(WHAT YOU NEED TO DO):
Go through the entries below from the first line and output each one exactly, up to and including the line with "Mack GU813 Tankbiler".

(GIVEN RECORDS):
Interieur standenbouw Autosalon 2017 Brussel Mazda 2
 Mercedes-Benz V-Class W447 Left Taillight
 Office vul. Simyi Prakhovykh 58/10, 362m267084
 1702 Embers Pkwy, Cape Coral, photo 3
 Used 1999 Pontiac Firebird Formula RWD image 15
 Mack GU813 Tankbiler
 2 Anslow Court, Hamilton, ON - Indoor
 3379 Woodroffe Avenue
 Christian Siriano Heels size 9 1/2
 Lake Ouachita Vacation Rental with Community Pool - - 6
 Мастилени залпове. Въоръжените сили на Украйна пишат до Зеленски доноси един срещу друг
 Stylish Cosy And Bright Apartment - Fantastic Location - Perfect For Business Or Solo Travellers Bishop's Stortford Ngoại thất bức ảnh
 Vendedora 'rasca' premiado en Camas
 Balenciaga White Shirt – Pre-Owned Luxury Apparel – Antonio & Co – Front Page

(EXPECTED ANSWER):
Interieur standenbouw Autosalon 2017 Brussel Mazda 2
 Mercedes-Benz V-Class W447 Left Taillight
 Office vul. Simyi Prakhovykh 58/10, 362m267084
 1702 Embers Pkwy, Cape Coral, photo 3
 Used 1999 Pontiac Firebird Formula RWD image 15
 Mack GU813 Tankbiler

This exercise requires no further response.